江波光則「ストレンジボイス」

ストレンジボイス (ガガガ文庫)

ストレンジボイス (ガガガ文庫)

ガガガ文庫の1巻完結モノは怪作・傑作が多い、という私のイメージを裏切らない一冊。アニメイトをふらふらしていたときにふと目に止まって購入した作品です。発売時期は今年の1月だったんですが。

登場人物の関係が、全員ダークサイドに堕ちたのび太たちみたい。いじめられっ子の遼介はのび太。いじめる狂気・日々希はジャイアン。直人はスネ夫。で、主人公の水葉はしずかちゃん。

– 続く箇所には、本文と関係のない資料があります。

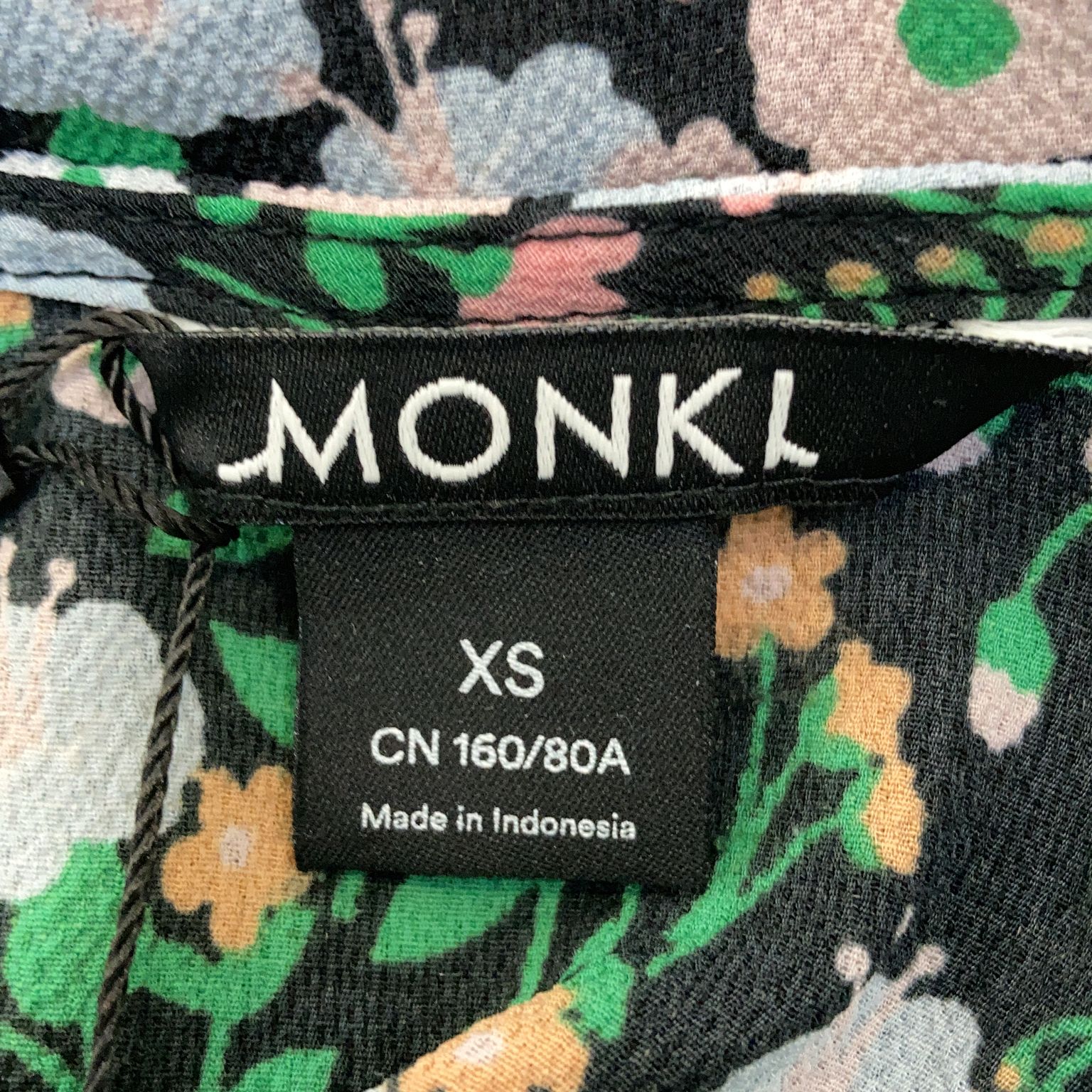 Monki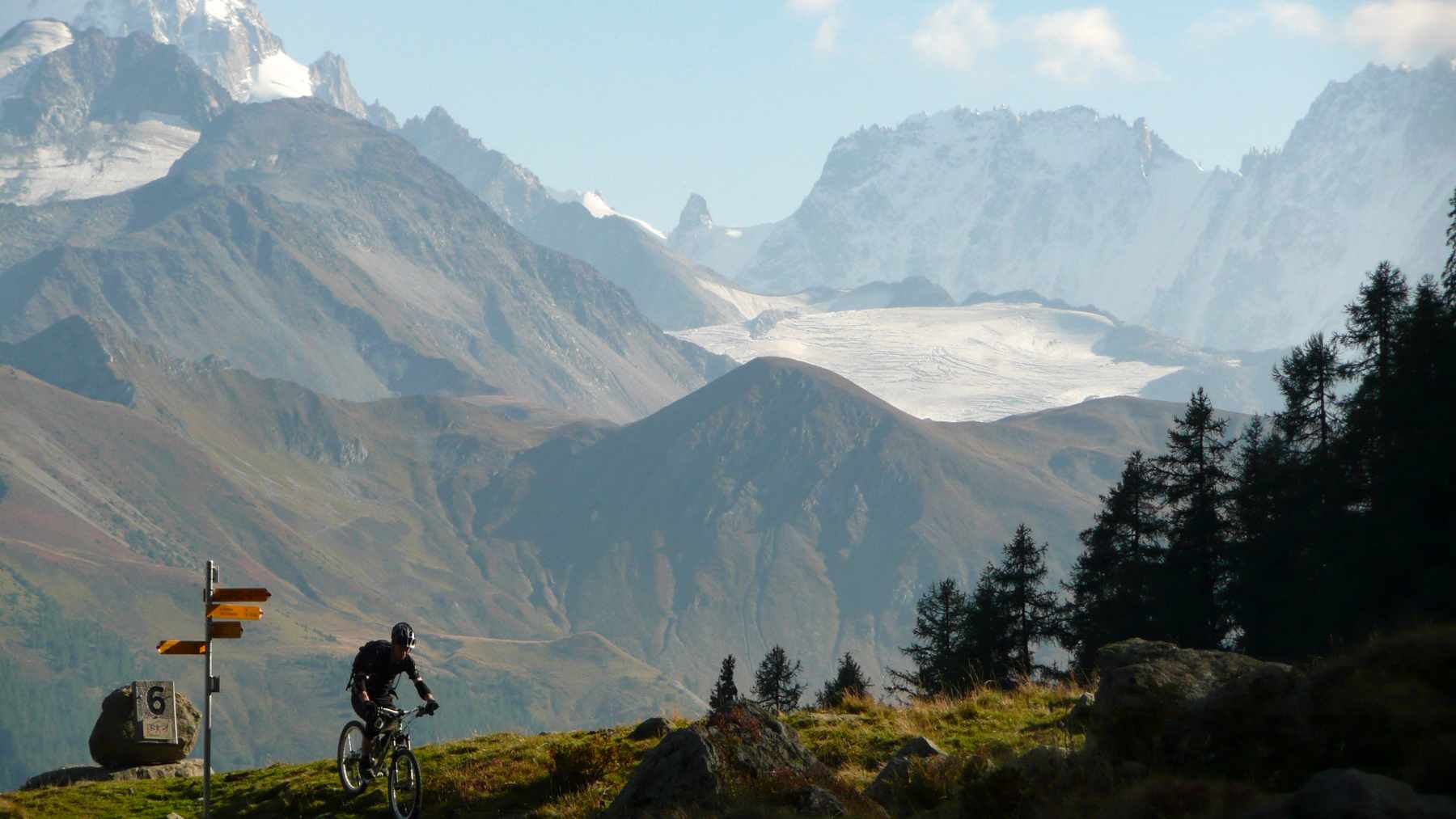 Singletrack Magazine Issue 129 | You should never go back…
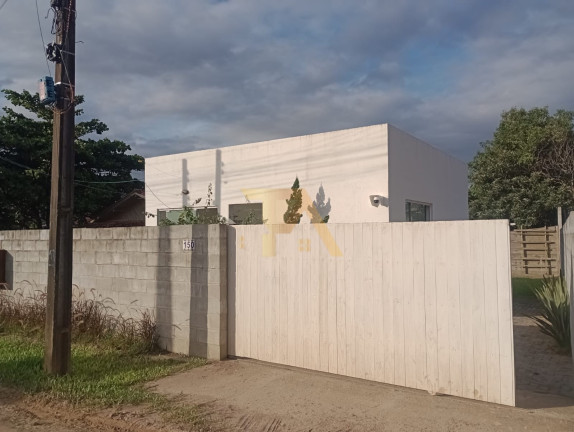 Imóvel com 1 Quarto à Venda, 58 m² em Encantada - Garopaba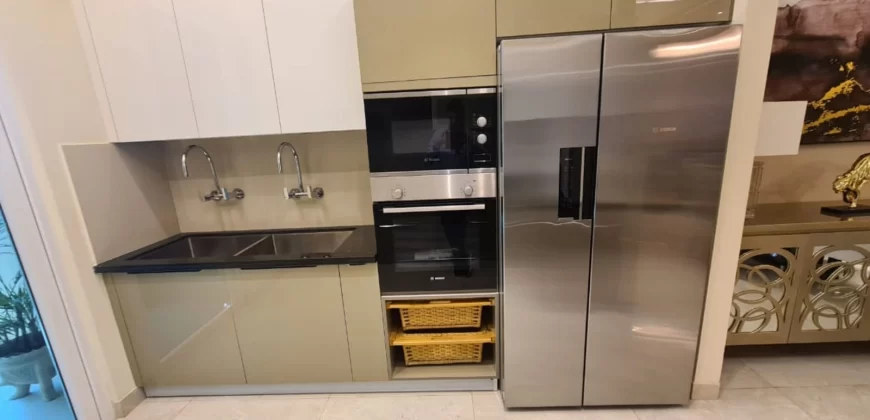 Uptown Skylla 4BHK+S Flat For Sale In Zirakpur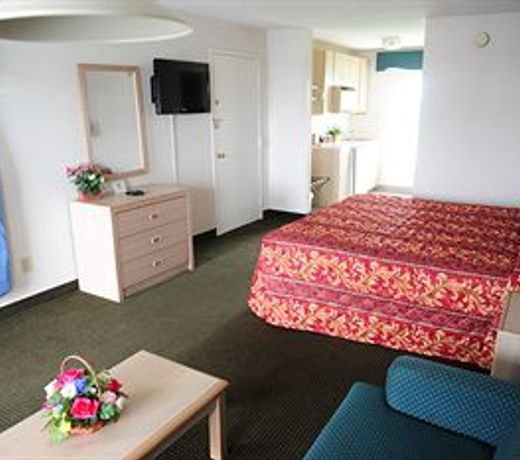 Key West Inn - Tunica Resort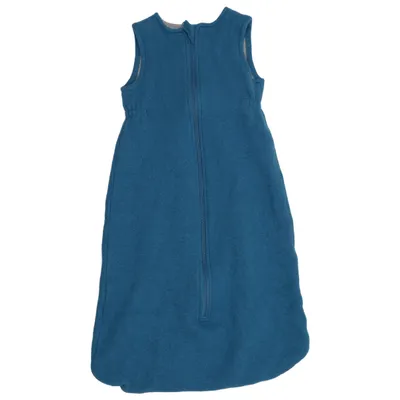 Babyslaapzak (Blauw) van Disana Katoen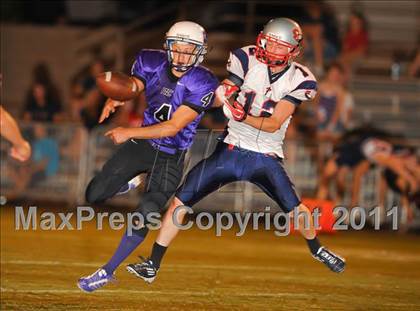 Thumbnail 2 in Scottsdale Christian Academy @ Northwest Christian photogallery.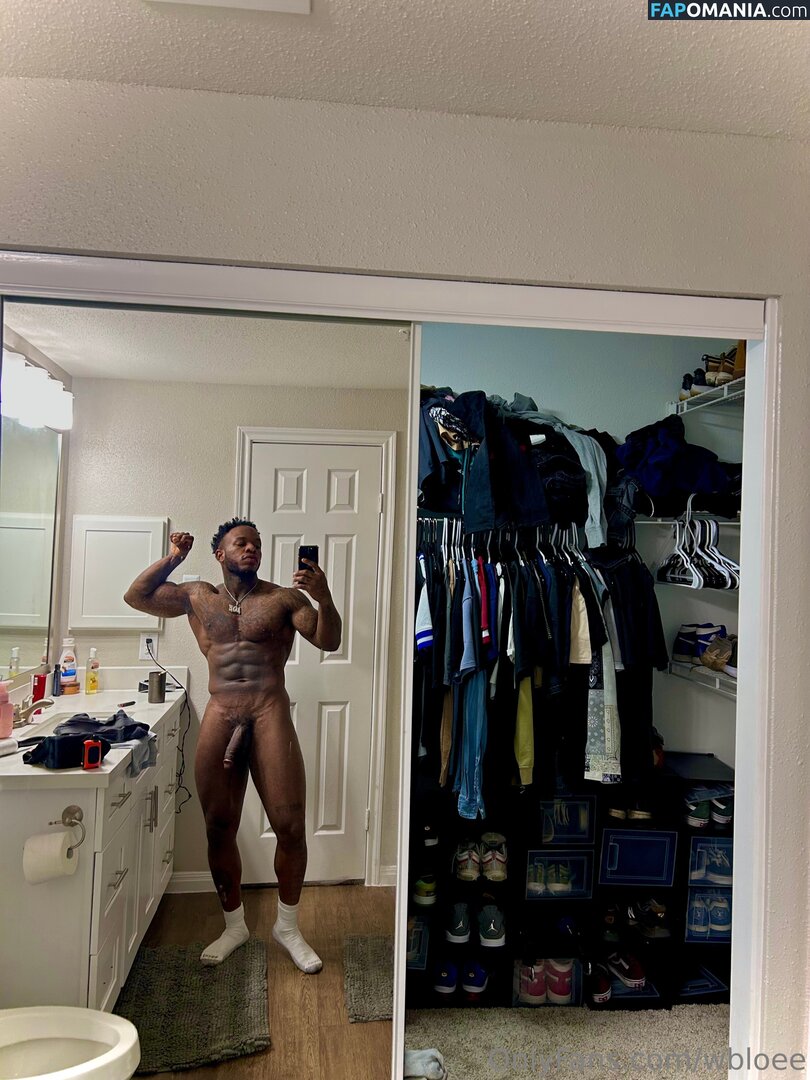 wb_loe / wbloee Nahý OnlyFans  Uniklá fotka #2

主人公の冷静な観察眼が、人間関係のちょっとした変化を生々しく読者に伝えてしまう。ライトノベルに救いを求める人からすると、ちょっと受け入れがたい作品かもしれない。
遼介は日々希に復讐することを唯一の目的として生活。日々希は遼介たちを虐めることが唯一の快楽になる。どっちにとっても生きる目的という意味では共依存。主人公はただその媒介するだけで、実際に両者を会わせない、というのが最終決断。だから解決したようで解決していない。
中学校という狭い人間関係を捩れさせたら、こうなるかもしれない。おとなになってしまえば世の中が広くなるので、嫌だったら逃げるってのが出来るんだけどね。中学校や高校時代に自分の周囲であった、虐めや、人間関係の風通しの悪さ*1を思い出す一冊。

*1:高校は中学に比べればマシだったが。